In fact, but for the Labour Party and the Liberal Democrats coming to David Cameron’s rescue, the government would have been defeated on the motion for a referendum on Britain’s membership of the European Union.
What last night’s vote confirms is that the Coalition is led by two men who lack the support of their own parties because deputy prime minister Clegg hardly commands total backing either.
Cameron, a one-nation, free-market Tory was defied by a parliamentary party much further to the right who lost their standard bearer when Liam Fox, the disgraced defence secretary, was forced from office.
The right’s disdain for Cameron is so visceral, many wouldn’t care if the government fell and they found themselves a new leader. They may yet get their wish.
An unstable government, which was propelled into office by state officials when last year’s election produced a stalemate, is the reflection in politics of the equally volatile economic and financial crisis that has rocked Europe in particular.
Cameron and his cabinet know that the British economy’s fate is interdependent with what happens in the 17 eurozone countries within the EU. That’s why they resisted the referendum call, even if in their hearts of hearts they may agree with it.
When Greece formally defaults on its unrepayable foreign debt, as it is certain to do, the impact on Europe’s banks will be totally unpredictable. That’s the problem EU leaders are struggling with day after day, without convincing the markets they are getting anywhere.
So far they’ve come up with a fund of about €100 billion to bail out the banks that will be hit by a Greek default. Some observers say that a sum ten times that amount – i.e. €1 trillion – is the minimum required to provide temporary relief because countries like Italy and Spain are next in the firing line.
We should not underestimate the historic nature of the failure of the “European project”. It was designed to avoid a repeat of the two world wars of the 20th century by bringing different nations under one common umbrella.

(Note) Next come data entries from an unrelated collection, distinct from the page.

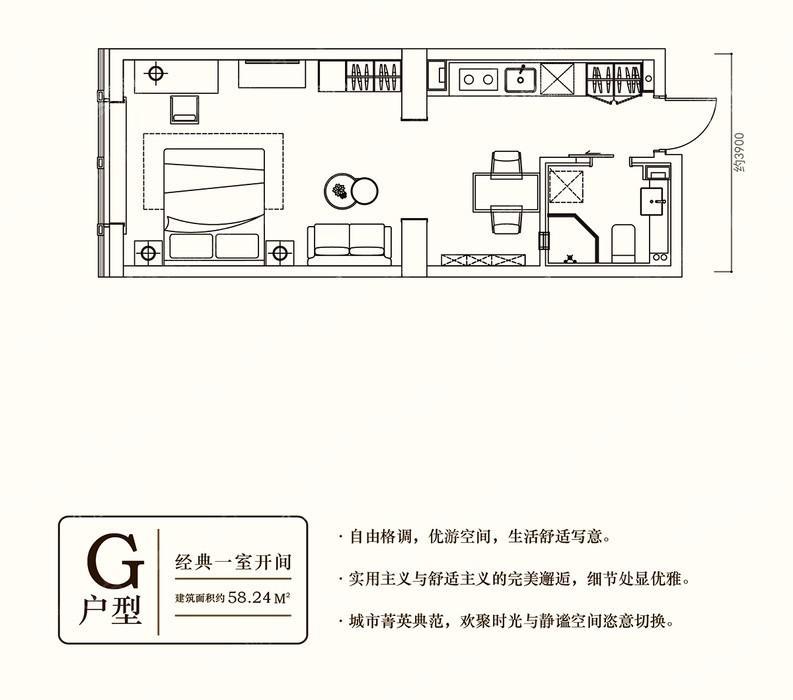 龙创新世纪G-建面58.24㎡-一居-1室1厅1卫-58.2㎡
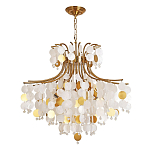 Люстра подвесная с белыми и золотыми круглыми подвесками Диаметр 70 см SHELL Chandelier варинант исполнения - 1 | Loft Concept в Ижевске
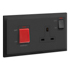 Belanko S 2 gang double pole switch - 45A + BS switched socket outlet neon with cooker marking - 13A - Anthracyte | 617778 | 3414971688131 | LEGRAND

Economic integration was to be followed by political integration. In this way, economic crisis would be a thing of the past – as would free-for-all market competition. It has not turned out like that.
Since the mid-1990s, changed economic conditions have driven the market into the heart of the EU, which consequently became a regional arm of corporate-driven globalisation. What has emerged is a bureaucratic, often secretive, quite undemocratic EU run in the interests of capital and finance.
The Tory right are not entirely off target in their criticisms of the EU – except their alternative – to raise the Union Jack, batten down the hatches and make sure foreigners get no further than Calais – is hopelessly reactionary. Their opposition to the EU is entirely nationalist, cloaked with fake concerns about democracy and parliamentary sovereignty.
Whether it is the EU crypto-state or the British version, real sovereignty actually lies with a network of probably no more than 150 “tightly-knit” corporations, according to complex systems theorists whose ground-breaking study was published recently.
They rule through political and other proxies at national state, European and global levels (the World Trade Organisation, for example). This corporate-state partnership is beyond reform. It is the problem and not part of the solution.
A network of democratically-run People’s Assemblies has to create a sovereign power in its place and institute a new dawn of co-ownership, self-management and mass involvement. It’s the best way to deal with the rising tide of nationalism that last night’s vote expressed.